ENTRIES PROVIDED:
>>
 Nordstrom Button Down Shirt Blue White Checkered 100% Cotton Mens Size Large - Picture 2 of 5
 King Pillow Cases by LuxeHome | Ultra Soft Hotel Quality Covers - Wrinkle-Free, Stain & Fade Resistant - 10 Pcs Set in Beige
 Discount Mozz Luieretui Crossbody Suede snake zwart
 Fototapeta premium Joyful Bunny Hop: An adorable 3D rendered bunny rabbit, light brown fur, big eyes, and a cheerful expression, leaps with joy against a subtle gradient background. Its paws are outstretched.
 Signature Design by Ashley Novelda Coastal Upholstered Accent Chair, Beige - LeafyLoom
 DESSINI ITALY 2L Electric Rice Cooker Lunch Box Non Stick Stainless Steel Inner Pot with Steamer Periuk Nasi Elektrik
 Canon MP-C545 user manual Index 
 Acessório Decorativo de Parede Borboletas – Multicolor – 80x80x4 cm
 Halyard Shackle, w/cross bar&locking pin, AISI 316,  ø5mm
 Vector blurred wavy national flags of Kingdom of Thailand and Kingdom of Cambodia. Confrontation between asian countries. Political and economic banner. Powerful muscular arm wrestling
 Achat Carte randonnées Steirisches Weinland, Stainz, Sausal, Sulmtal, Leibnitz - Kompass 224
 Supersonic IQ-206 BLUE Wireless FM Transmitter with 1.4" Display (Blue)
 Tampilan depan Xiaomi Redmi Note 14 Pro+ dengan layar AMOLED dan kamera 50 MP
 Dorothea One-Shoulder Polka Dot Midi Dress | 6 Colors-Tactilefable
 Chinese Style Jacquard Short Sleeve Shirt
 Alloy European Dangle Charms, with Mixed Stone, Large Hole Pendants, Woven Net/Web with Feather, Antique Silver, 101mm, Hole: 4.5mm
<<
TASK ITEM:
Copy out only the lines of the records above from the one with "Halyard Shackle, w/cross" through the one with "Chinese Style Jacquard Short Sleeve Shirt", exactly as they stand, both included.

REPLY TO THE EXERCISE:
 Halyard Shackle, w/cross bar&locking pin, AISI 316,  ø5mm
 Vector blurred wavy national flags of Kingdom of Thailand and Kingdom of Cambodia. Confrontation between asian countries. Political and economic banner. Powerful muscular arm wrestling
 Achat Carte randonnées Steirisches Weinland, Stainz, Sausal, Sulmtal, Leibnitz - Kompass 224
 Supersonic IQ-206 BLUE Wireless FM Transmitter with 1.4" Display (Blue)
 Tampilan depan Xiaomi Redmi Note 14 Pro+ dengan layar AMOLED dan kamera 50 MP
 Dorothea One-Shoulder Polka Dot Midi Dress | 6 Colors-Tactilefable
 Chinese Style Jacquard Short Sleeve Shirt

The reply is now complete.